As a matter of prudence and political self-preservation, the Chief of Staff and the Counsel should be concerned about the information provided directly to the President - particularly information about ongoing investigations. Once a President has actual knowledge of an investigation, it is harder for White House staff to distance the President from a related scandal, and it becomes easier for critics to suggest that the political machinery at the White House is secretly directing the investigation in order to minimize the scandal. Even worse, with such knowledge comes the temptation to actually steer an investigation in a direction politically beneficial to the President. Furthermore, every time facts relating to an ongoing investigation are shared beyond the investigating team, it increases the risk that a leak will occur, and that the investigation will be compromised. For these reasons, details about investigations are rarely, if ever, shared with the President.

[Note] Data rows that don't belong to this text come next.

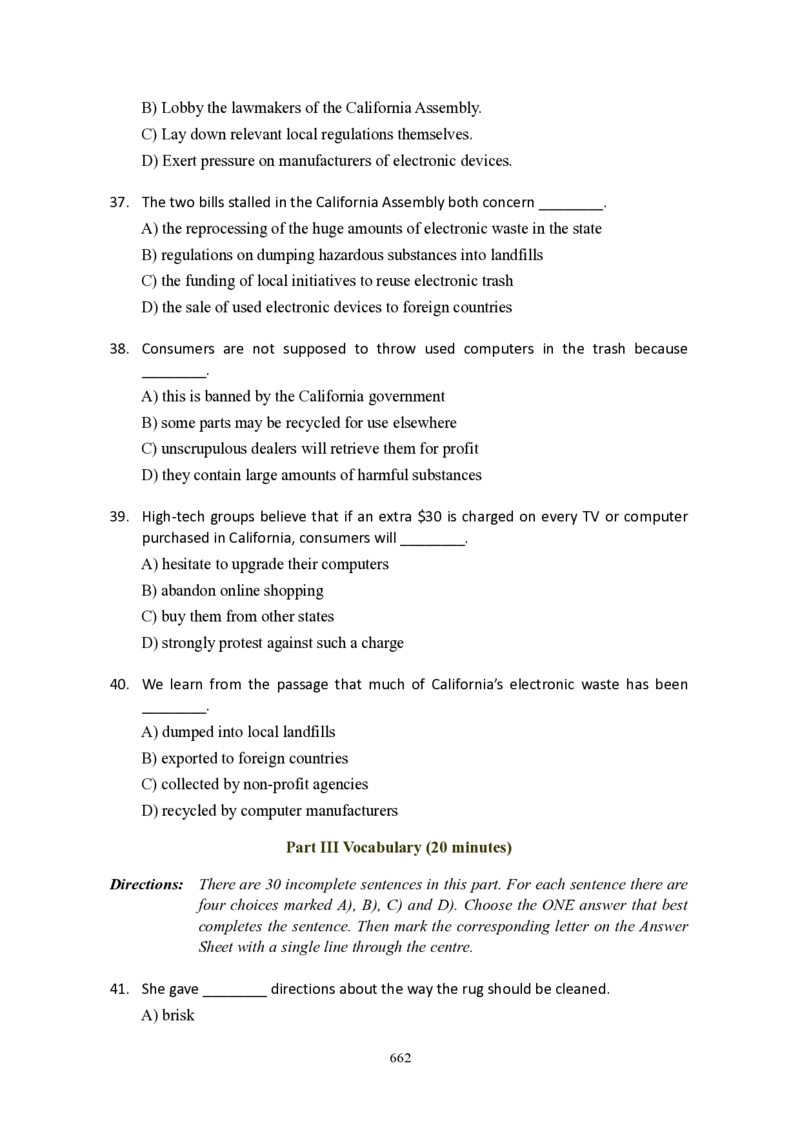 大学英语六级(CET-6)历年真题大全[90-07年37套]_大学英语四六级_大学英语四级+六级_六级真题_六级真题_1990年-2018年真题资料合集_1990&mdash;2007年6月CET6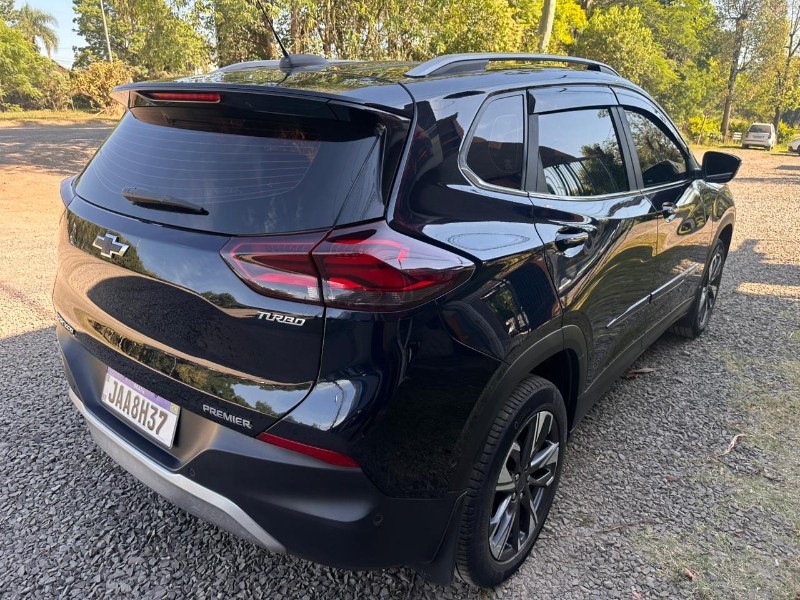 CHEVROLET TRACKER 1.2 TURBO FLEX AUTOMÁTICO 2020/2021 MENEGHINI VEÍCULOS ARROIO DO MEIO / Carros no Vale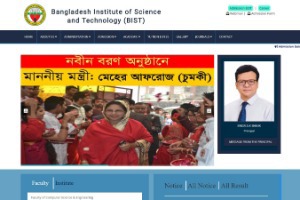 Bangladesh Institute of Science and Technology Website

However, based on my experience, it is wrong to suggest that the President should never be told of the existence of a pending investigation. As a matter of good governance and common sense, such a claim is in reality nothing more than an excuse to avoid accountability. For example, suppose the Attorney General were to inform the White House Counsel that the President’s National Security Advisor was suspected of leaking classified information. Suppose further that the Justice Department did not want the National Security Advisor to know about the investigation. As a former Counsel, under these circumstances I cannot imagine not informing the President of the pending investigation so that steps can be taken to protect against additional leaks of classified information, while still protecting the integrity of the investigation.
Under existing protocols the Counsel is often informed of investigations affecting Executive Branch personnel. There would be no justification for the protocols if in the appropriate case the Counsel does not inform the Chief of Staff or the President of possible Executive Branch wrongdoing. After all, it is not wrong for the President to know about a problem in his Administration. Many Americans would argue that as head of the Executive Branch it is the President’s job to be accountable for what his subordinates are doing and to stop any known wrongdoing, provided it does not disrupt or interfere in any way the course of an investigation.
Reportedly, in this case the Treasury Department informed the Counsel of an ongoing Treasury Inspector General investigation into IRS activities. The Counsel, not surprisingly, informed the Chief of Staff. The White House currently insists the President was not told of the investigation in advance of media reports. Whether this is true, and whether this White House made the correct calculation as to the President’s need to know, will depend on facts yet unknown.
Alberto R. Gonzales is the former U.S. Attorney General and White House Counsel in the George W. Bush Administration. Presently he is the Dean and Doyle Rogers Distinguished Professor of Law at Belmont University College of Law.